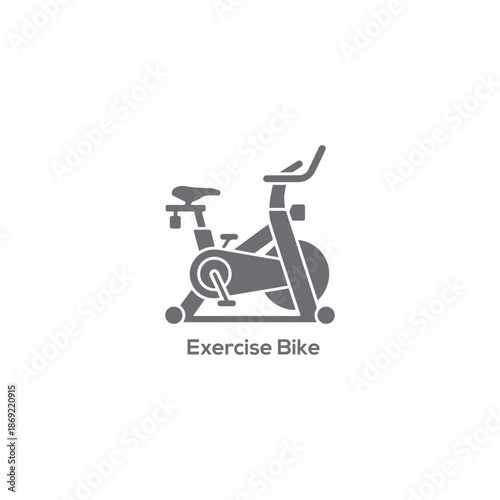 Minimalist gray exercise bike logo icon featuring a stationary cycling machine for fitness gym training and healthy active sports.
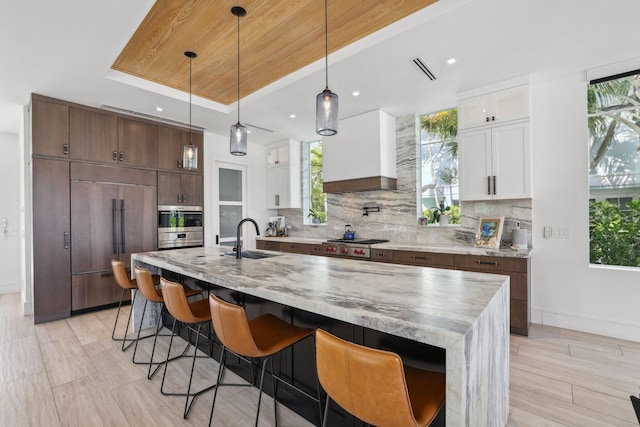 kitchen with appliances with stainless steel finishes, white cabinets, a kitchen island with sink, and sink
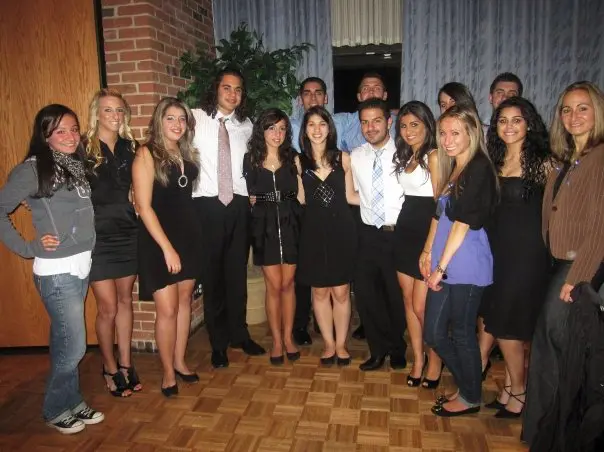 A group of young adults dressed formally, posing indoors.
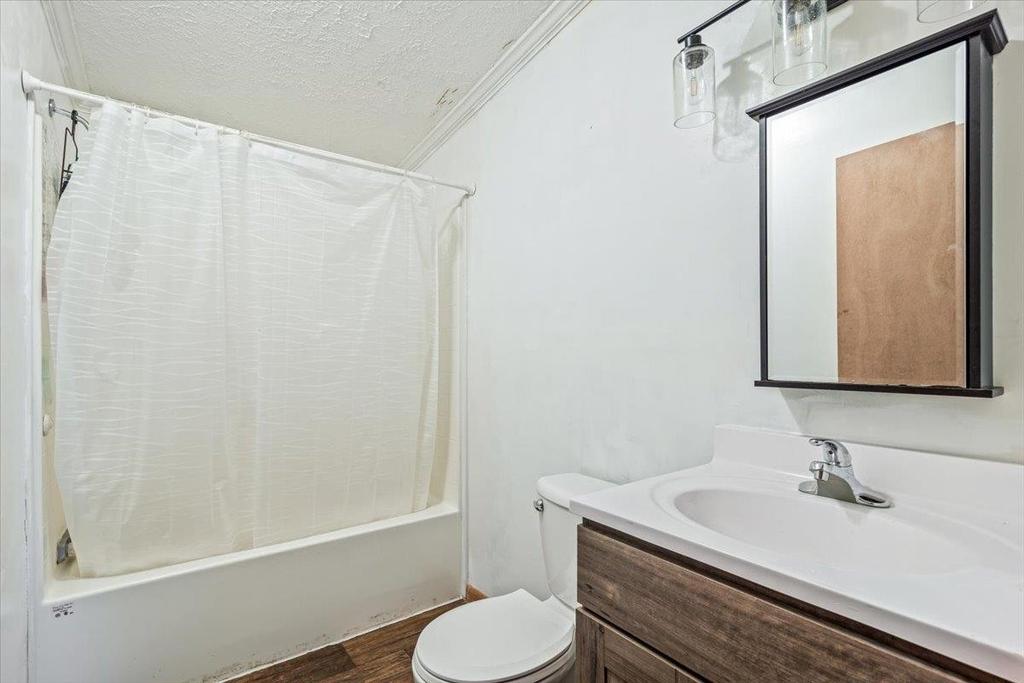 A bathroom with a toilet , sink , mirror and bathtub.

...

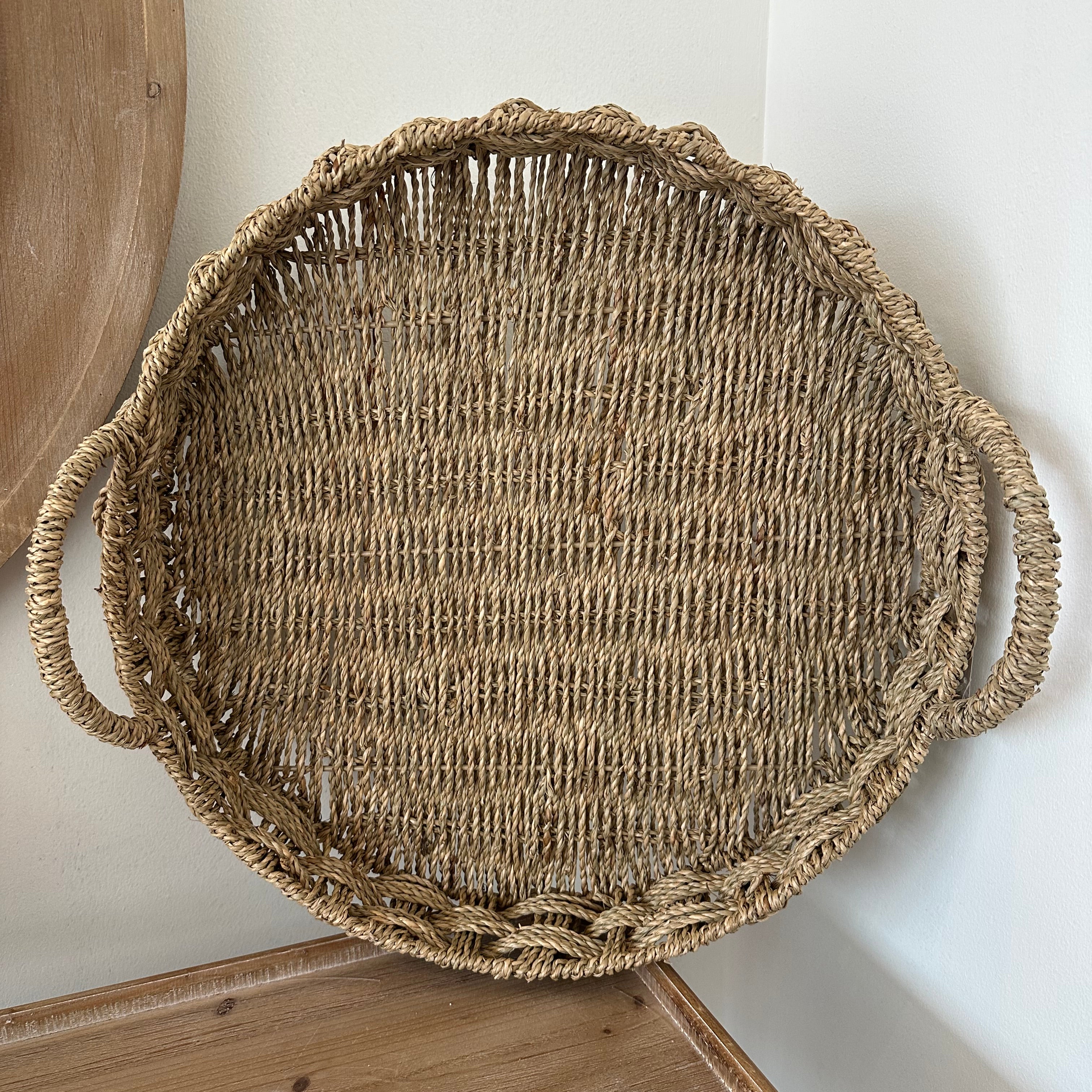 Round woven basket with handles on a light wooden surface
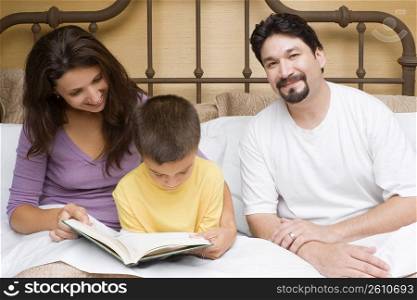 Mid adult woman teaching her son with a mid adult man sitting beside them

-- WHAT YOU NEED TO DO --
Transcribe only this stretch of the data: the line with "Minimalist gray exercise", the line with "A bathroom with", and every line in between. Leave out the pictures.

-- FINISHED EXERCISE --
 Minimalist gray exercise bike logo icon featuring a stationary cycling machine for fitness gym training and healthy active sports.
 kitchen with appliances with stainless steel finishes, white cabinets, a kitchen island with sink, and sink
 A group of young adults dressed formally, posing indoors.
 A bathroom with a toilet , sink , mirror and bathtub.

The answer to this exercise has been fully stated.